**What is being asked**
Could you retype the lines below, starting at the line holding "That last throw" and stopping at the line holding "It opens up", inclusive? Copy them exactly and drop the images.

**Information shown**
□ □ □ □

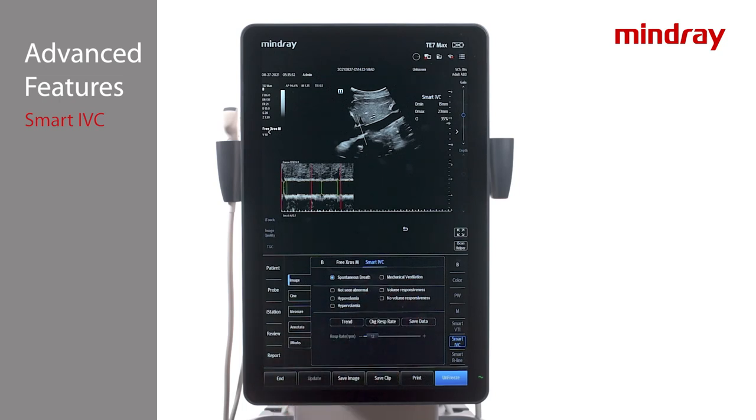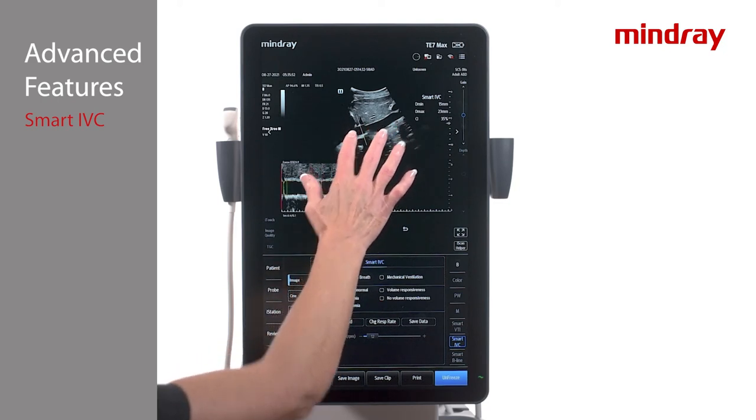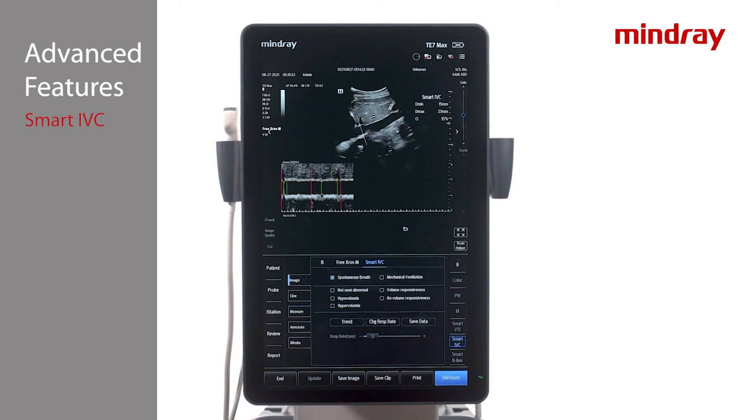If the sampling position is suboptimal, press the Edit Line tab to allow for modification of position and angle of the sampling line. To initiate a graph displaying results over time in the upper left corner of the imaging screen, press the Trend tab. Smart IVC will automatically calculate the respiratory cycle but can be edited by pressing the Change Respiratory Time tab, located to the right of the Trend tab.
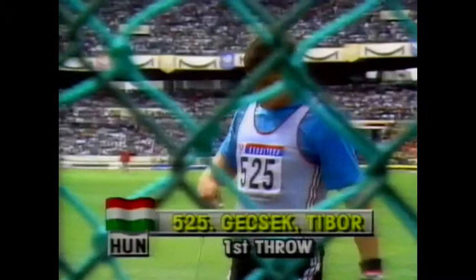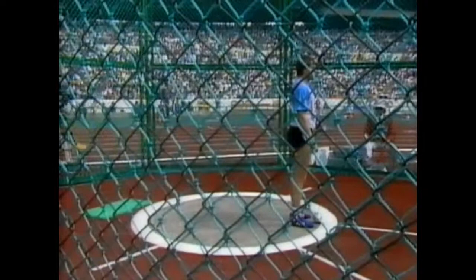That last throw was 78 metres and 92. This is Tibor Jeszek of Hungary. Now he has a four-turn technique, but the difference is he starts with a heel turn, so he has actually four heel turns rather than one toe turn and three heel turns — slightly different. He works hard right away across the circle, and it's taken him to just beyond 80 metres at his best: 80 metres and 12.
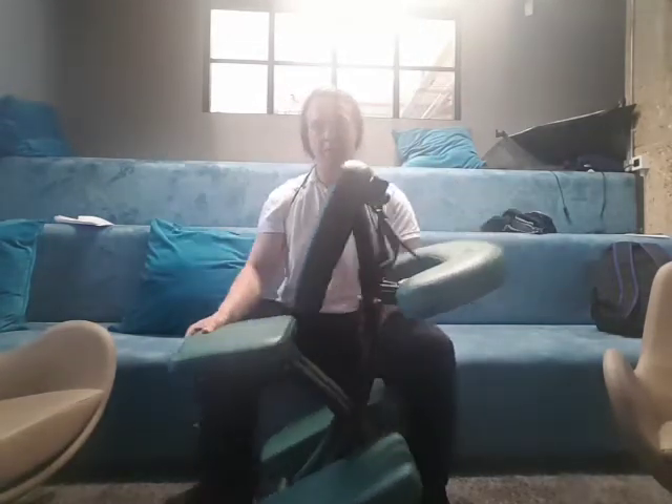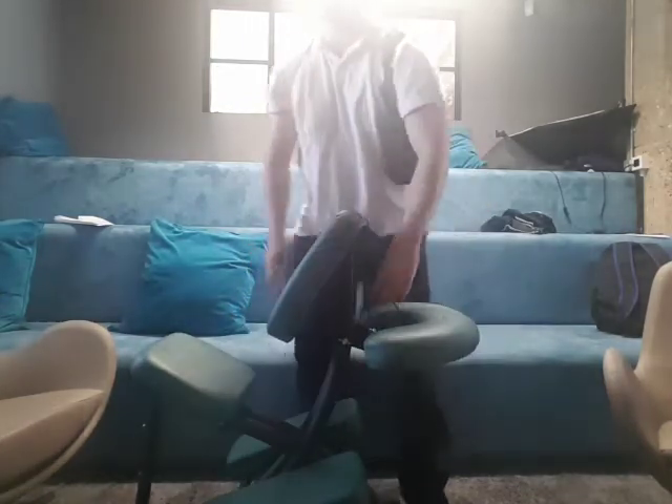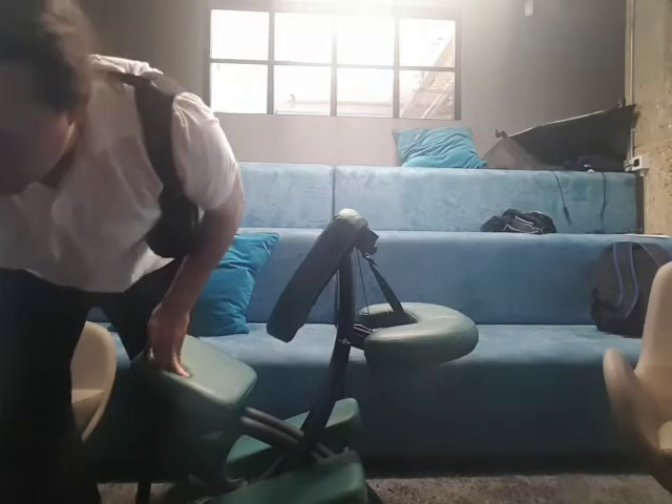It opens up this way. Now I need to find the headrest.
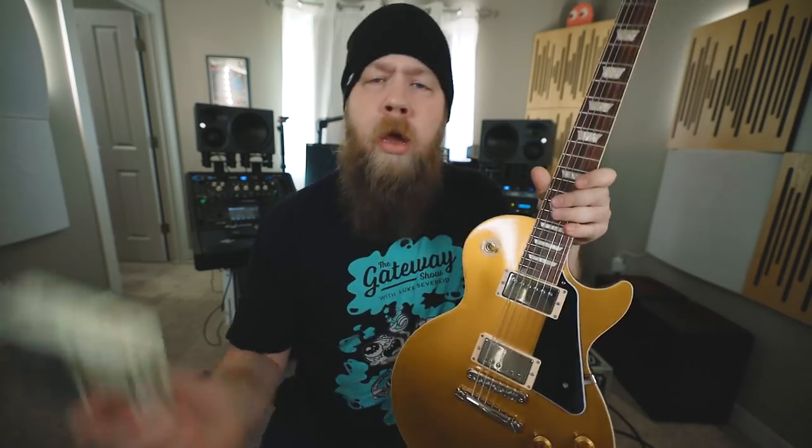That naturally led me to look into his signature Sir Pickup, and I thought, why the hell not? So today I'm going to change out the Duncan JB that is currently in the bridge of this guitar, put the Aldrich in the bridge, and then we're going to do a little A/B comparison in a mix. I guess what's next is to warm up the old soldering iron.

□ □ □ □

**Solution**
That last throw was 78 metres and 92. This is Tibor Jeszek of Hungary. Now he has a four-turn technique, but the difference is he starts with a heel turn, so he has actually four heel turns rather than one toe turn and three heel turns — slightly different. He works hard right away across the circle, and it's taken him to just beyond 80 metres at his best: 80 metres and 12.
It opens up this way. Now I need to find the headrest.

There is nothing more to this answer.